What the exercise asks: Only an exact, line-for-line copy of the data will serve as the answer.

Records for the task:
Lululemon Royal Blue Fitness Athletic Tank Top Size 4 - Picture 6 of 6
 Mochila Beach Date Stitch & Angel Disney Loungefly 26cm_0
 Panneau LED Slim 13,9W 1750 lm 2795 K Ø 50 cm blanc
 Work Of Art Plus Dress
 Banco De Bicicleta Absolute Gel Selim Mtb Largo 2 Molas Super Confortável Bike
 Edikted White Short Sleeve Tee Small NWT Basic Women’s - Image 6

Problem solution:
Lululemon Royal Blue Fitness Athletic Tank Top Size 4 - Picture 6 of 6
 Mochila Beach Date Stitch & Angel Disney Loungefly 26cm_0
 Panneau LED Slim 13,9W 1750 lm 2795 K Ø 50 cm blanc
 Work Of Art Plus Dress
 Banco De Bicicleta Absolute Gel Selim Mtb Largo 2 Molas Super Confortável Bike
 Edikted White Short Sleeve Tee Small NWT Basic Women’s - Image 6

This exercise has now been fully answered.